22/06/2007

Mooca fabril some com o “”boom””

Fonte: O Estado de S. Paulo

Construtoras incorporam indústrias e expandem o mercado imobiliário em bairro tradicional

Paulo Libert/AEZap o especialista em imóveisHistórico prédio do Cotonifício Crespi, do início do século 20, abriga hoje uma unidade do Hipermercado Extra

Os tijolos de barro que sustentaram por longas décadas a vocação fabril da Mooca estão virando história. A nova tendência na paisagem urbana do tradicional bairro paulistano são o concreto e os mais modernos materiais de construção. A desindustrialização em curso na região tem alimentado um mercado imobiliário superaquecido e ávido por terrenos disponíveis para investimento. As construtoras estão incorporando áreas ociosas antes ocupadas pelas fábricas para erguer prédios residenciais ou condomínios verticais.

Somente nos últimos dois anos, segundo dados da Empresa Brasileira de Estudos de Patrimônio (Embraesp), a Mooca recebeu 15 lançamentos residenciais.

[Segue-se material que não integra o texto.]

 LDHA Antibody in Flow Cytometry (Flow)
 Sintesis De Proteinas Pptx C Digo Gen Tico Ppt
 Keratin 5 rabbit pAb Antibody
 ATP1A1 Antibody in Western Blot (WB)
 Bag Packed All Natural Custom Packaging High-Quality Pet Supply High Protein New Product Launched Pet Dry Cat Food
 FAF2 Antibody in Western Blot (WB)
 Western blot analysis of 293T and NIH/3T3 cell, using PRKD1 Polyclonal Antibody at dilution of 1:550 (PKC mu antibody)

Ao todo, são 1.014 novas unidades habitacionais no bairro. E os empreendimentos concentram-se, justamente, na chamada ‘parte baixa’ da Mooca (região ao redor da ferrovia), até hoje reconhecida por ter contemplado inúmeras indústrias metalúrgicas, químicas e têxteis, calçados e móveis.

“As indústrias estão deixando o bairro e migrando para fora do centro expandido da cidade. Com isso, a Mooca está ganhando uma vocação residencial e de serviços. Os galpões das fábricas estão sendo transformados em supermercados ou armarinhos, e os grandes espaços que restam são alvos dos empreendimentos imobiliários ”, diz o subprefeito e morador da Mooca, Eduardo Odloak.

De acordo com estimativa da própria Subprefeitura, o número de unidades oferecidas pelos lançamentos e o de imóveis em empreendimentos com previsão de entrega já para 2008 somam três mil novas moradias em todo o bairro. Ou seja, nos próximos anos, os mooquenses devem receber, pelo menos, 12 mil vizinhos. “Acredito que esse número deva ser ainda maior. Ainda vemos construtoras comprando fábricas para investir em prédios residências. O processo de verticalização está bem acelerado.”

Migrantes e regressos

Conhecida por ser um reduto de famílias italianas tradicionais, que chegaram a São Paulo entre os séculos 19 e 20, a Mooca passa por um processo de rejuvenescimento, tanto estrutural quanto do perfil de seus moradores. E segundo especialistas no mercado local, o boom imobiliário chega para acelerar e consolidar estas alterações. “Vamos presenciar uma mudança nesse panorama”, afirma o diretor-presidente da Lello, José Roberto de Toledo.

Segundo ele, os novos mooquenses serão formados por moradores migrantes de outros bairros da própria Zona Leste, como Vila Prudente, Vila Guilherme, São Miguel e Penha, e pelas gerações mais novas que deixaram a região e agora devem voltar atraídos pelas novos investimentos no bairro”, acredita.

Para Fernanda Parizotto, diretora de marketing da construtora Tibério, havia antes um preconceito com relação aos costumes tradicionais característicos do bairro. “Hoje, está havendo um resgate dessas raízes. O que antes era fora de moda, agora, virou um charme que atrai moradores de outros bairros”, conta ela.

“A Mooca ficou muito tempo dormindo e virou um bairro envelhecido. Parece que agora os filhos estão voltando para o bairro onde foram criados”, acrescenta o diretor de marketing da imobiliária Rossi, Felipe Rossi. Segundo dados da Subprefeitura da Mooca, o bairro registrou uma queda demográfica considerável nas últimas décadas e hoje soma pouco mais de 63 mil habitantes, dos quais 17% são idosos.